La principale association de défense des droits de Juarez avait également critiqué la nomination de l'ancien ambassadeur mexicain. Dans un communiqué, l'association écrivait: «nous ne pouvons pas accepter que le Canada, un pays modèle dont la culture est fondée sur le respect des droits humains et sur la primauté du droit, puisse endosser une personne qui a toléré le meurtre et le viol de femmes et de jeunes filles».

La gouverneure générale, Michaëlle Jean, a reçu les lettres de créance de l'ambassadeur au cours d'une cérémonie protocolaire, jeudi.

Elle a fait référence dans un bref discours à l'engagement mutuel entre le Canada et le Mexique dans la promotion des valeurs de la dignité humaine et de l'égalité entre les hommes et les femmes.

Le nouvel ambassadeur n'était pas disponible jeudi pour une entrevue.

Une porte-parole du bureau du premier ministre, Karine Ledoux, a affirmé que le Canada avait accepté la nomination de Barrio Terrazas par le président Felipe Calderon. Depuis deux ans, Stephen Harper a bâti une relation solide avec le président mexicain.

«Le président mexicain, Felipe Calderon, a mis en place des réformes du système judiciaire et des institutions des droits humains et nous applaudissons le Mexique pour ses progrès dans ces domaines», a affirmé Mme Ledoux.
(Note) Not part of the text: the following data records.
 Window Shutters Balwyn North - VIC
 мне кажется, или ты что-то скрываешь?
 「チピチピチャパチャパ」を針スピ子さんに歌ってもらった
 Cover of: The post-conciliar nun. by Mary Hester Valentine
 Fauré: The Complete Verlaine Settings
Elu pour la première fois en 1992, Barrio Terrezas a plusieurs fois été en charge de dossiers liés à la corruption, notamment sous le précédent président, Vicente Fox.
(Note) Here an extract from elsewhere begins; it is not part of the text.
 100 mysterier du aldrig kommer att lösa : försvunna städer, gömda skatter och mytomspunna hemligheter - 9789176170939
Selon le professeur à l'Université du Texas à El Paso, Tony Payan, c'est sous l'administration Fox que les cartels de la drogue ont pénétré «à des niveaux sans précédents» la police fédérale et l'appareil de sécurité du pays.

M. Terrezas avait récemment affirmé à un journaliste qu'une des raisons qui motivait sa venue au Canada était la pauvre situation sécuritaire de l'État dont il était originaire.